* [Assigned task]:
From the first line to the last, return the data exactly, with no pictures.

* [Given data]:
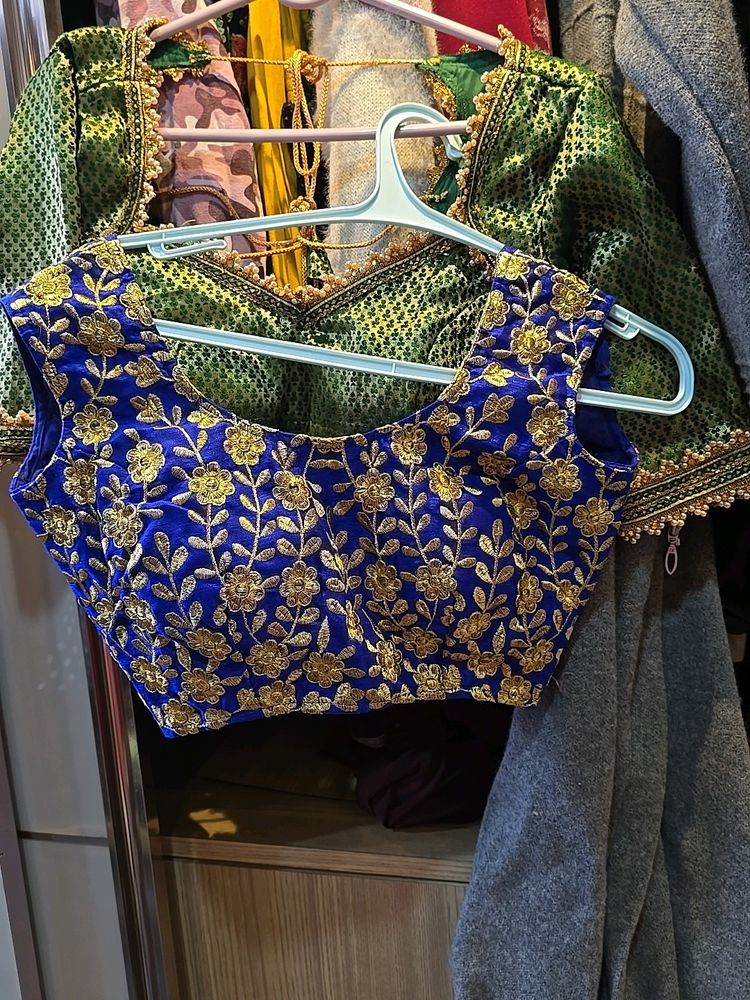 Embroidered Royal Blue Blouse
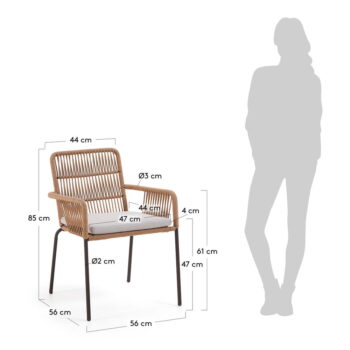 Záhradné kreslo s oceľovou konštrukciou a povrazovým výpletom Kave Home Samt – Obrázok 6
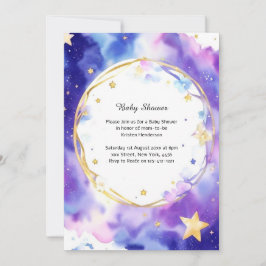 Inbjudan till Celestial Watercolor Baby Shower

* [Completed exercise]:
 Embroidered Royal Blue Blouse
 Záhradné kreslo s oceľovou konštrukciou a povrazovým výpletom Kave Home Samt – Obrázok 6
 Inbjudan till Celestial Watercolor Baby Shower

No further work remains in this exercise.